Your assignment:
Please return the lines of the data below, word for word, from the first line through the line containing "Bedroom featuring plush".
-------- Dataset --------
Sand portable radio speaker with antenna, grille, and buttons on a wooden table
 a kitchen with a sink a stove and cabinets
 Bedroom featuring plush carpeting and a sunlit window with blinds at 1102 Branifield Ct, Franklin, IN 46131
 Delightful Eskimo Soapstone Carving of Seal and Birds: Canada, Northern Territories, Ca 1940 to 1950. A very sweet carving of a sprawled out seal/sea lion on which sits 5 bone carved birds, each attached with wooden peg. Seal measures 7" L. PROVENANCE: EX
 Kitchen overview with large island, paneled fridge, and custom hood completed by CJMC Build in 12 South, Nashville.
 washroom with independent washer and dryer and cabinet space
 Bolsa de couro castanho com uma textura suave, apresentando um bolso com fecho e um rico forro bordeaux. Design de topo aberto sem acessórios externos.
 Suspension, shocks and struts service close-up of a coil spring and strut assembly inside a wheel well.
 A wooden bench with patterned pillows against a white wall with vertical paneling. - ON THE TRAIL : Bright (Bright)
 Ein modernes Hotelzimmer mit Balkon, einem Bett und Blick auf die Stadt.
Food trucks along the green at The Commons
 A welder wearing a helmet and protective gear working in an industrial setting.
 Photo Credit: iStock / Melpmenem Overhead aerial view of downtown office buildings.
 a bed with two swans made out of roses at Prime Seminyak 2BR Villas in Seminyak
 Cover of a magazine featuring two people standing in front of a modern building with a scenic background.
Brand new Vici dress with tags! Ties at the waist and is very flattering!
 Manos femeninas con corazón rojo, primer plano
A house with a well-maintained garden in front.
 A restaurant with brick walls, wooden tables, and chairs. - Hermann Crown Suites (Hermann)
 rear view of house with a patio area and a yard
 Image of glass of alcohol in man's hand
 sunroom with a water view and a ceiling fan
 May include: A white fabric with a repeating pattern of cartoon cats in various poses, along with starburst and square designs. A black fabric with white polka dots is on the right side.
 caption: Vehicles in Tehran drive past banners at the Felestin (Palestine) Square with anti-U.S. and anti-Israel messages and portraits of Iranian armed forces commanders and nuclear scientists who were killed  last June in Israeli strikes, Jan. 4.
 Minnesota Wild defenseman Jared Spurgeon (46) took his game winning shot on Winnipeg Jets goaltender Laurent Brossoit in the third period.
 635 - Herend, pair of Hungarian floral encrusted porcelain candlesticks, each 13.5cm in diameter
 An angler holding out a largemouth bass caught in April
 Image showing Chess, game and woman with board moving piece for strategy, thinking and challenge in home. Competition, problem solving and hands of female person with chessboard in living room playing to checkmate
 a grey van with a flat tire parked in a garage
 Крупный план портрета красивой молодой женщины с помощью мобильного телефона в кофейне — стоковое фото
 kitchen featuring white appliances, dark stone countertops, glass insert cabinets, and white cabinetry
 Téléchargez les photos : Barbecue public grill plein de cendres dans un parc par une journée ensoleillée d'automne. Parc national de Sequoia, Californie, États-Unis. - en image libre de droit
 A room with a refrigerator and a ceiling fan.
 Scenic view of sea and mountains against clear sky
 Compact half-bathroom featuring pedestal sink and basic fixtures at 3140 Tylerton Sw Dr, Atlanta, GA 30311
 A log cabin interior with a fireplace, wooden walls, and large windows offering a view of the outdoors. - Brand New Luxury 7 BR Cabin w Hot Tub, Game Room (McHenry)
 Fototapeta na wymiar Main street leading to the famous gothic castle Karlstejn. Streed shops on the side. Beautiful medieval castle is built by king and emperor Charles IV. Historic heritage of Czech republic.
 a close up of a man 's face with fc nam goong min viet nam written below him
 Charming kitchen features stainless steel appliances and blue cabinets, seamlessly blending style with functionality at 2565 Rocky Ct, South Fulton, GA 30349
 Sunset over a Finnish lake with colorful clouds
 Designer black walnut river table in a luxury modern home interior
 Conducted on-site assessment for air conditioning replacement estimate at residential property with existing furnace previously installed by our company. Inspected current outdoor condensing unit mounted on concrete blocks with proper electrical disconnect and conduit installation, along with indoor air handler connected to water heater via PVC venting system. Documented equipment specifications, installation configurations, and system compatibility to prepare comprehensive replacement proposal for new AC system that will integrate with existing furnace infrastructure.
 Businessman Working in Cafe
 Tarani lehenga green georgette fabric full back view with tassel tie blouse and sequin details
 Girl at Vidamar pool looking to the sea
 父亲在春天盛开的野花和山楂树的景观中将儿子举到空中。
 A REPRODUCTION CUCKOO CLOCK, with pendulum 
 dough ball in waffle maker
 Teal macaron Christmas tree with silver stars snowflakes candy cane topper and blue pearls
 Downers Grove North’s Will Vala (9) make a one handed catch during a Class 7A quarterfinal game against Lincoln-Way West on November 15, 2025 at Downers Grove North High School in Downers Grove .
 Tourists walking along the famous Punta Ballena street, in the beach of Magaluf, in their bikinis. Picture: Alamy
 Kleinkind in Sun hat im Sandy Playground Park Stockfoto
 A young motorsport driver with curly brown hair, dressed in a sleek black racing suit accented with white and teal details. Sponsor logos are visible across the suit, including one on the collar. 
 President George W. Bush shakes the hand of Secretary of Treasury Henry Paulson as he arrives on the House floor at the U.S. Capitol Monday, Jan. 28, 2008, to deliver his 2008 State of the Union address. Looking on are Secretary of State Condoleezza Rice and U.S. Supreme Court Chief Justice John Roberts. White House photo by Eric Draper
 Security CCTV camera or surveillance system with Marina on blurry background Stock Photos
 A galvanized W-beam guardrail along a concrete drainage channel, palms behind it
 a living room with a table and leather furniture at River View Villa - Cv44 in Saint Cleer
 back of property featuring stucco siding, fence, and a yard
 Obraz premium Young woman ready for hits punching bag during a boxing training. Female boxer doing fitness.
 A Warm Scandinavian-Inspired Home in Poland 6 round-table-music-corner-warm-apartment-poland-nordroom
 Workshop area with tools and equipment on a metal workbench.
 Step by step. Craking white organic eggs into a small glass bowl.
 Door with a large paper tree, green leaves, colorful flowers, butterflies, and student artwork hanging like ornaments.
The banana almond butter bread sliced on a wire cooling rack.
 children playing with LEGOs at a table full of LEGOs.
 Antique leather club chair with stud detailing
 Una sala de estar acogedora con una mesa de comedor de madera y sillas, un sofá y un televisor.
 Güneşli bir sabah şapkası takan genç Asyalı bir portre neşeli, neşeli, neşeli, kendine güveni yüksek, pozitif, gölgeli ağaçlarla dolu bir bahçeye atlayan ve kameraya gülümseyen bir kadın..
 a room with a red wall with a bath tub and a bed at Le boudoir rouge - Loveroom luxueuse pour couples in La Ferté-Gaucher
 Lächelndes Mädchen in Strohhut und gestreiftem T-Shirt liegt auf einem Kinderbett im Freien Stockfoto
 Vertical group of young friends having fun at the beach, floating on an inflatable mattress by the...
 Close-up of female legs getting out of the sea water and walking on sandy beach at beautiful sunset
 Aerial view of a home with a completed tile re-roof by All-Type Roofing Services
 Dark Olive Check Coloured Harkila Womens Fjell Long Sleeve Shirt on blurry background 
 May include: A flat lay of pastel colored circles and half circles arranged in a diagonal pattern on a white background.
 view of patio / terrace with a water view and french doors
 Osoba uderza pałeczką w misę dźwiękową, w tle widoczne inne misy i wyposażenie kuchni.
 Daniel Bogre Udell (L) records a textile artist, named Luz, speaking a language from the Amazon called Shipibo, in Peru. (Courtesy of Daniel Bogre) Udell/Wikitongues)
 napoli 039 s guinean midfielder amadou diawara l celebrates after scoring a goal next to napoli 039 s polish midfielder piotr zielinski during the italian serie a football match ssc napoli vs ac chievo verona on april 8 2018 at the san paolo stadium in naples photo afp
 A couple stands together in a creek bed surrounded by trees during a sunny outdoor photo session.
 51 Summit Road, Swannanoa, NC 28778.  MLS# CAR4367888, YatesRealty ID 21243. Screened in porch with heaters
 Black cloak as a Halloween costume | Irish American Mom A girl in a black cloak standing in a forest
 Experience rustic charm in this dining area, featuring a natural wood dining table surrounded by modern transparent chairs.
--------
Answer to this problem:
Sand portable radio speaker with antenna, grille, and buttons on a wooden table
 a kitchen with a sink a stove and cabinets
 Bedroom featuring plush carpeting and a sunlit window with blinds at 1102 Branifield Ct, Franklin, IN 46131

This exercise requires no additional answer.